Lesson Plan: Unlearn
by Carlos Motta
edited by Nick Stillman

Published in NYFA Current, November 2006
Click here to download PDF (56KB)

Confronted with withering public opinion in response to ineffectual policymaking, the US government changed the title of its War on Terror in 2005 to the Global Struggle Against Violent Extremism. A similar device of rhetorical clouding seemed at play in 2001 when the US Department of Defense, under significant political pressure stemming from massive popular demonstrations, announced that the controversial School of Americas (SOA) would close and the Western Hemisphere Institute for Security Cooperation (WHINSEC) would open in its stead.

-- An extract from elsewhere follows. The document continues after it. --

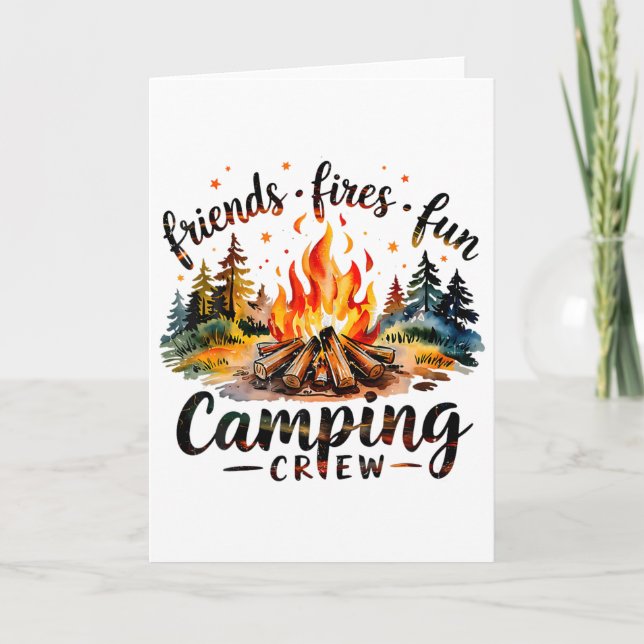 Fires Friends Fun Camping Crew Summer Camp Campfir Card (Front)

This “new” program has marched ahead with the same contested military training programs that “instruct rising civilian, military, and law enforcement leaders from throughout the Western Hemisphere.”

Colombian-born and New York-based artist Carlos Motta has made the SOA and its reincarnate WHINSEC the focus of much of his recent work. By manipulating the versions of records and history propagated by the school, Motta’s ongoing SOA Cycle urges viewers to approach all presentations of “official” information as constructed. With major questions continuing to assail the US government’s suspected use of torture at prisons in Iraq, Cuba, and in secret overseas locations, Motta’s manipulations of records and histories propagated by the SOA urges viewers to approach “official” information with requisite skepticism.

It is 3 pm on Saturday, November 17, 2006. I am sitting on a bench in the Plaza de Armas, the center of Santiago, Chile. The echoes of a collective voice—that of the demonstrators who convened during annual protests this November to demand immediate closing of the infamous School of the Americas (SOA)—reverberate throughout the square. This event was part of a series of yearly marches organized by numerous activist organizations in cities in the southern US (the SOA headquarters is located at Fort Benning in Columbus, GA) and across Latin America. Each demonstration unites thousands of civilians to express our discontent with the official instruction of torture and widespread US militarism in Latin America.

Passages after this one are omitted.